A little touchup, a couple of logos, and *way to go* - glad to see some people are gearing up / expanding


----------



## OGStilts (Aug 30, 2007)

I'm not exactly in the dump truck buying business but it sounds and looks like a good deal to me. Ditto what SLS said.


----------



## BreyerConstruct (May 22, 2006)

Congrats!

Now go make some $$ with it! 
~Matt


----------



## DJ9222 (Apr 28, 2009)

Nice truck

Good luck with it, and make a ton of money.......


----------



## tgeb (Feb 9, 2006)

Nice purchase.

It should serve you well.


----------



## slowforthecones (Aug 24, 2008)

nice..now go make some money like them strobes


----------



## tnmtn (Dec 15, 2006)

nice truck, congrats. it's very nice to have a paid for truck. seems to be a good deal. good luck with it.


----------



## Upchuck (Apr 7, 2009)

Looks like it'll get the job done. How many tons can you legally carry on it? I never saw a 10 wheeler with 2 pistons on the body.


----------



## MACEXCAVATING (Nov 24, 2008)

Upchuck, I see the 2 ram setup from time to time. Not super common. The GVWR of the truck is 52080. I do not know what the truck weighs yet.
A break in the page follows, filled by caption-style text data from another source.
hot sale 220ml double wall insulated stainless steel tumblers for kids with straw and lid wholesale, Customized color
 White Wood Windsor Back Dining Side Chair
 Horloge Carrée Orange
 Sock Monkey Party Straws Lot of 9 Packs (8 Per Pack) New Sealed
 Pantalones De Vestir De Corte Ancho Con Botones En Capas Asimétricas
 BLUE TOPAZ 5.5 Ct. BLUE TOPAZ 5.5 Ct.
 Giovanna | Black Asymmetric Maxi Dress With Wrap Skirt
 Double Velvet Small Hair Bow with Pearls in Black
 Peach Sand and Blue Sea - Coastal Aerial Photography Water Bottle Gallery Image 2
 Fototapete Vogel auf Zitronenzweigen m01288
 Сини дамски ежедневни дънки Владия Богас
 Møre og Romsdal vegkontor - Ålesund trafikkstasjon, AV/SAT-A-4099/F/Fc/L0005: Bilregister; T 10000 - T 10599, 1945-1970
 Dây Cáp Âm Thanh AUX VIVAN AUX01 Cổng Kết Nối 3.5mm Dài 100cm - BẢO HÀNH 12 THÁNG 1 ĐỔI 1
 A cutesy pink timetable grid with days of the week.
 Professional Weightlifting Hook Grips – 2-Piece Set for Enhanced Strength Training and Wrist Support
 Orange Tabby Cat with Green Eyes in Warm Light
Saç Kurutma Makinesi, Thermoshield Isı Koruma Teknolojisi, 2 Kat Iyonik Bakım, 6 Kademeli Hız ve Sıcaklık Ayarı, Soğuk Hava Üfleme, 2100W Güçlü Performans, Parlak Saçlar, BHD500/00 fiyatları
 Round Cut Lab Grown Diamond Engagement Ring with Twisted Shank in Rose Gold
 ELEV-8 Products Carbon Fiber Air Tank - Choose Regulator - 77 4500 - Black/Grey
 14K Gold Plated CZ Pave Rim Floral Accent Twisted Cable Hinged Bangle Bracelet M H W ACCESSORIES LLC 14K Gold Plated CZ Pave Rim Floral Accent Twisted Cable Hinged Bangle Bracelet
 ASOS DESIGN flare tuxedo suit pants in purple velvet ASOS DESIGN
I am in the process of doing a major service on it before I put it to work. So far, the truck seems sound. Just a lot of minor maint. issues that were neglected.


----------



## digdeep516 (Jun 8, 2009)

nice truck... perfect for the price. 2 questions, hows the body and what size engine is in that monster... congrads are deffinitley in order on that find.


----------